[Opening Raw data section]

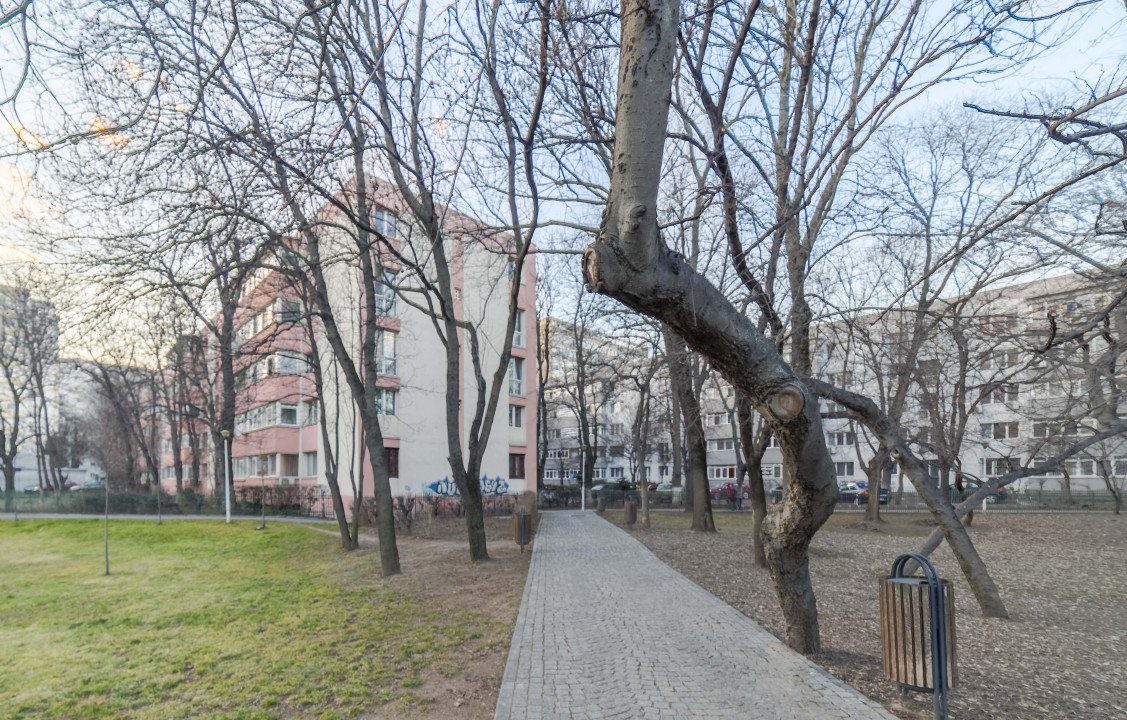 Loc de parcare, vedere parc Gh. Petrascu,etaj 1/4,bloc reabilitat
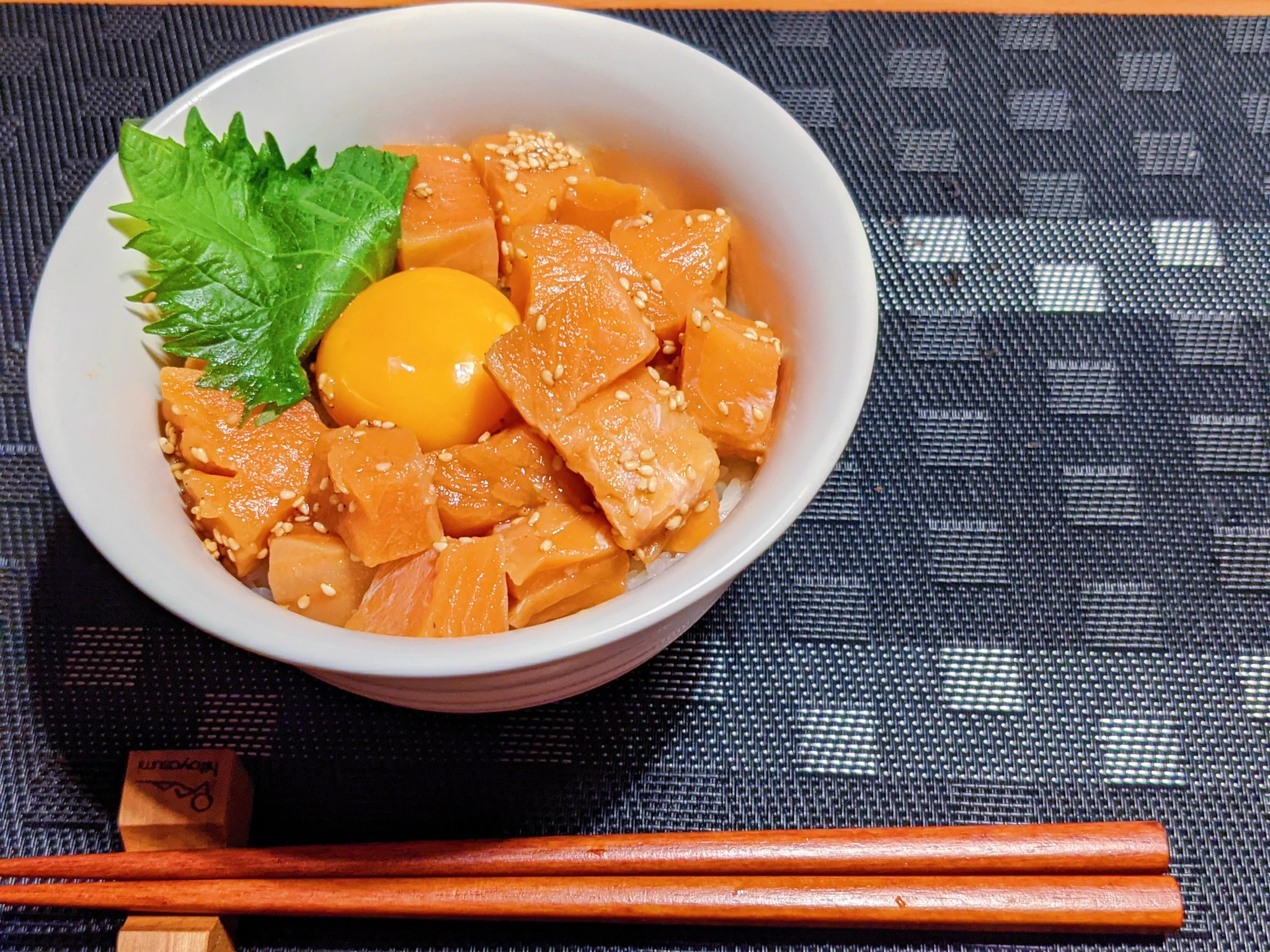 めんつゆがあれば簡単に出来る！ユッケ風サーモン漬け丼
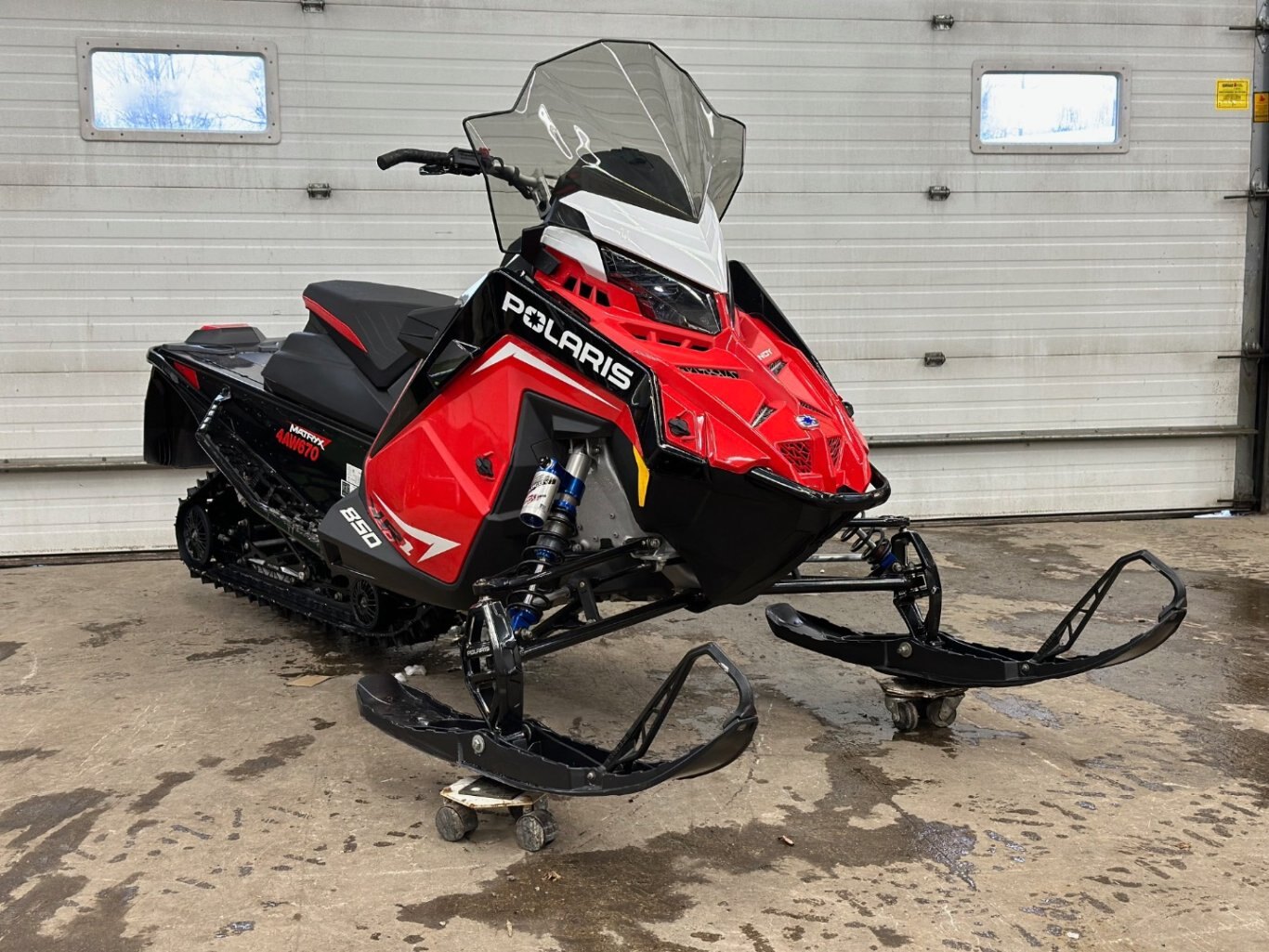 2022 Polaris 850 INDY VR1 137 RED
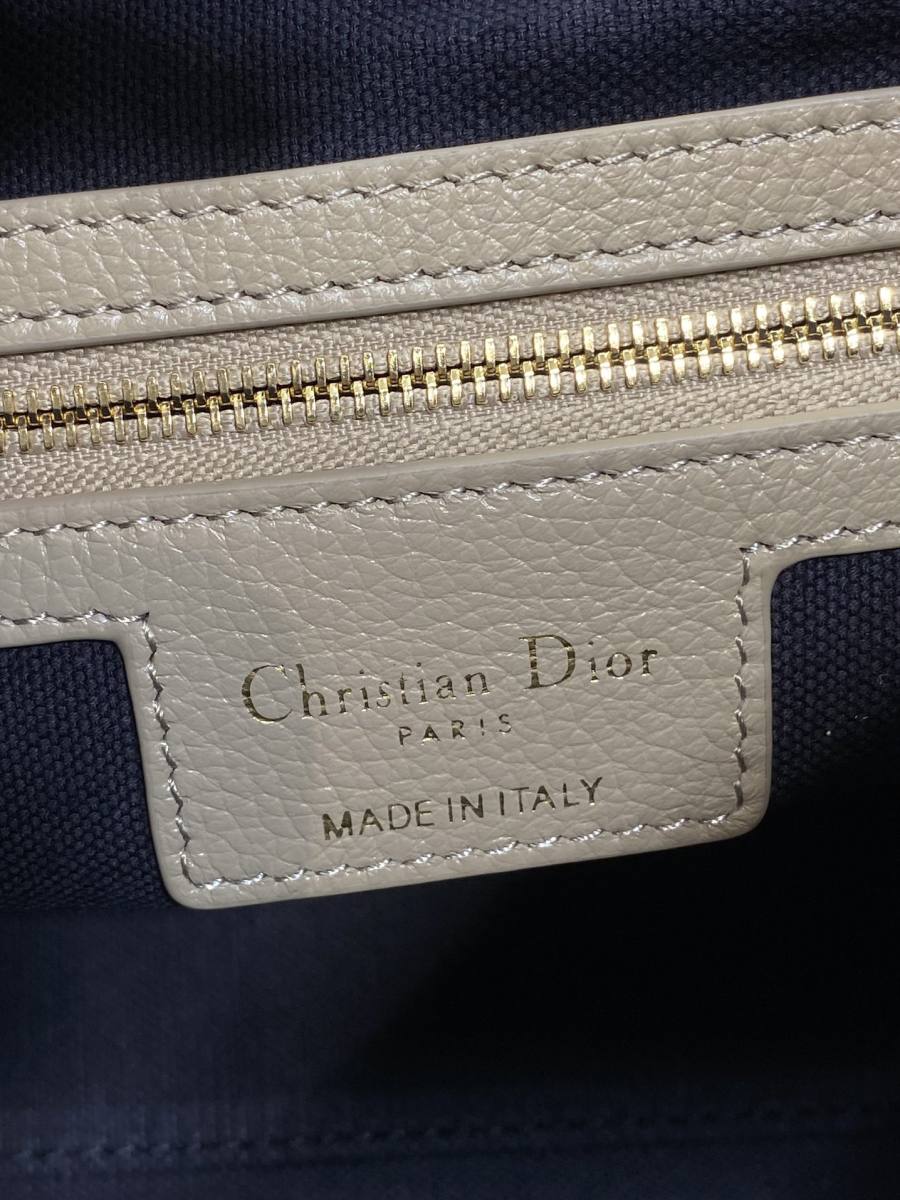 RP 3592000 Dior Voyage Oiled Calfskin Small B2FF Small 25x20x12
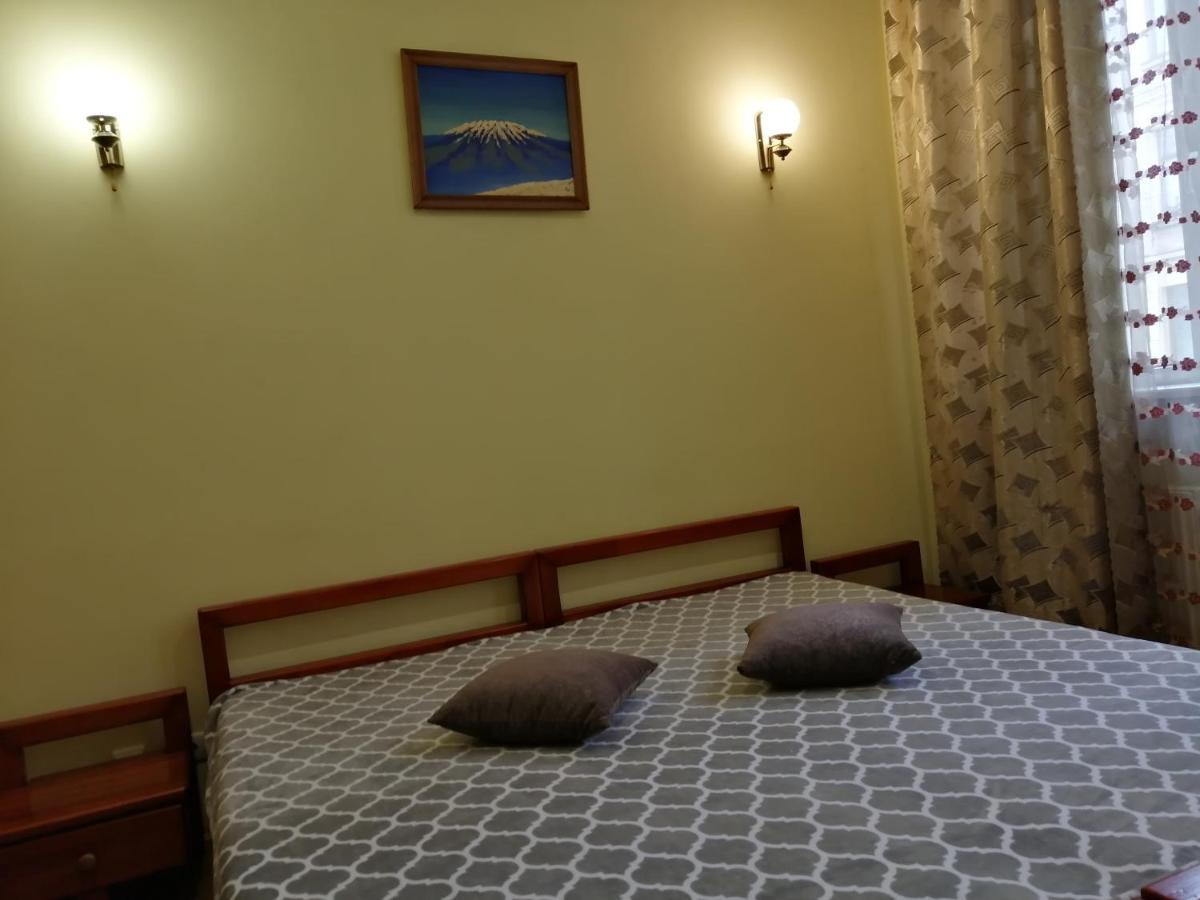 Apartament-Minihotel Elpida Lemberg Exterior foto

[Closing Raw data section]

## Activity:
Whenever a picture appears, leave it out, and return every record exactly.

## Your solution:
 Loc de parcare, vedere parc Gh. Petrascu,etaj 1/4,bloc reabilitat
 めんつゆがあれば簡単に出来る！ユッケ風サーモン漬け丼
 2022 Polaris 850 INDY VR1 137 RED
 RP 3592000 Dior Voyage Oiled Calfskin Small B2FF Small 25x20x12
 Apartament-Minihotel Elpida Lemberg Exterior foto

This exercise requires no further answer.